Imagine having a function, which handles a heavy computational job, that we wish to execute asynchronously in a Tornado application context. Moreover, we would like to lazily evaluate the function, by storing its results to the disk, and not rerunning the function twice for the same arguments.
Without caching the result (memoization) one would do the following:
def complex_computation(arguments):
...
return result
@gen.coroutine
def complex_computation_caller(arguments):
...
result = complex_computation(arguments)
raise gen.Return(result)
Assume to achieve function memoization, we choose Memory class from joblib. By simply decorating the function with @mem.cache
the function can easily be memoized:
@mem.cache
def complex_computation(arguments):
...
return result
where mem
can be something like mem = Memory(cachedir=get_cache_dir())
.
Now consider combining the two, where we execute the computationally complex function on an executor:
class TaskRunner(object):
def __init__(self, loop=None, number_of_workers=1):
self.executor = futures.ThreadPoolExecutor(number_of_workers)
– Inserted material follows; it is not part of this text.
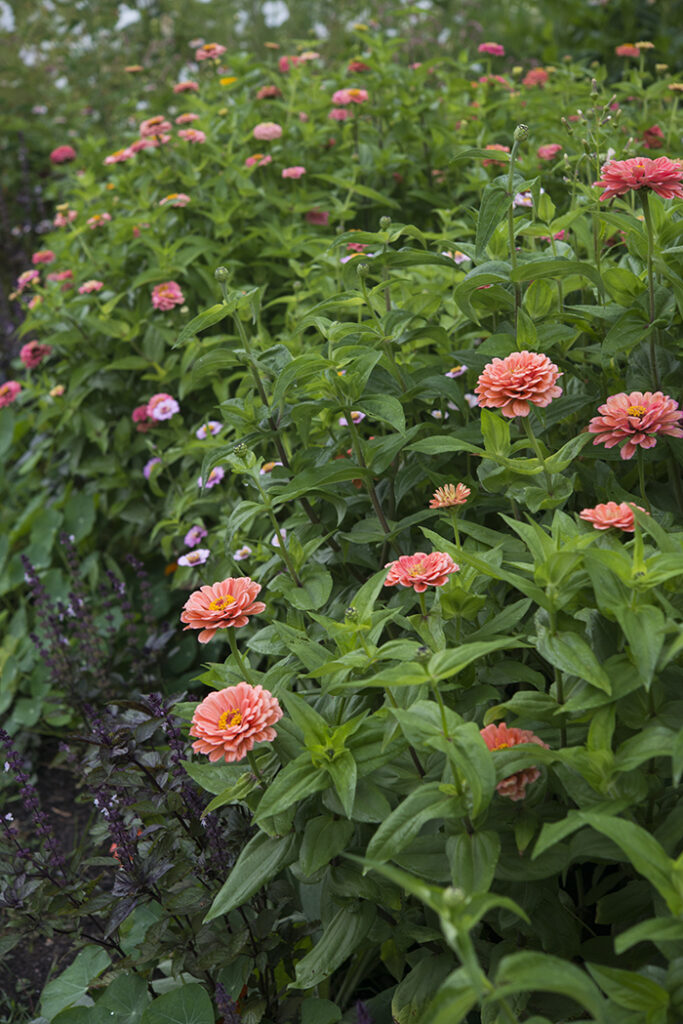 Zinnias | Kelly Orzel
self.loop = loop or IOLoop.instance()
@run_on_executor
def run(self, func, *args, **kwargs):
return func(*args, **kwargs)
mem = Memory(cachedir=get_cache_dir())
_runner = TaskRunner(1)
@mem.cache
def complex_computation(arguments):
...
return result
@gen.coroutine
def complex_computation_caller(arguments):
result = yield _runner.run(complex_computation, arguments)
...
raise gen.Return(result)
So the first question is whether the aforementioned approach is technically correct?
Now let's consider the following scenario:
@gen.coroutine
def first_coroutine(arguments):
...
result = yield second_coroutine(arguments)
raise gen.Return(result)
@gen.coroutine
def second_coroutine(arguments):
...
result = yield third_coroutine(arguments)
raise gen.Return(result)
The second question is how one can memoize second_coroutine
? Is it correct to do something like:
@gen.coroutine
def first_coroutine(arguments):
...
mem = Memory(cachedir=get_cache_dir())
mem_second_coroutine = mem(second_coroutine)
result = yield mem_second_coroutine(arguments)
raise gen.Return(result)
@gen.coroutine
def second_coroutine(arguments):
...
result = yield third_coroutine(arguments)
raise gen.Return(result)
[UPDATE I] Caching and reusing a function result in Tornado discusses using functools.lru_cache
or repoze.lru.lru_cache
as a solution for second question.